- [Your task]
Look through the data below and return each line where "removal" appears.

- [Records for processing]
+++
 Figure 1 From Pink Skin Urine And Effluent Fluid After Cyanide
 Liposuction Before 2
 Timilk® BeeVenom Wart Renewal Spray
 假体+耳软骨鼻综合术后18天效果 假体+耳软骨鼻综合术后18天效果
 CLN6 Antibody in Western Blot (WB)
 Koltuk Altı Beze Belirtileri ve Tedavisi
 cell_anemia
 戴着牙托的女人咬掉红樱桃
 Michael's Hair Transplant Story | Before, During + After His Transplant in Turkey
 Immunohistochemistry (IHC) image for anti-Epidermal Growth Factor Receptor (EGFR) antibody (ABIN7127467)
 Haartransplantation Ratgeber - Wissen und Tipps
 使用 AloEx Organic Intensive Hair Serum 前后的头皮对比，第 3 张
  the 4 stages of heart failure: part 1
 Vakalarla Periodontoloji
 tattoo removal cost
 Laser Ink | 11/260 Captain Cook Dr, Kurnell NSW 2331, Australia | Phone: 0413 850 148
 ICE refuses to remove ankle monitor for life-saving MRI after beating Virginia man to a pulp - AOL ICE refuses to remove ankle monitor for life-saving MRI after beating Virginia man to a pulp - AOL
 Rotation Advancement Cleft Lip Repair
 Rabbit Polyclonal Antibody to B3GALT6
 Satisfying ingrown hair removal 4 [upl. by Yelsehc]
+++
- [Completed exercise]
 tattoo removal cost
 Satisfying ingrown hair removal 4 [upl. by Yelsehc]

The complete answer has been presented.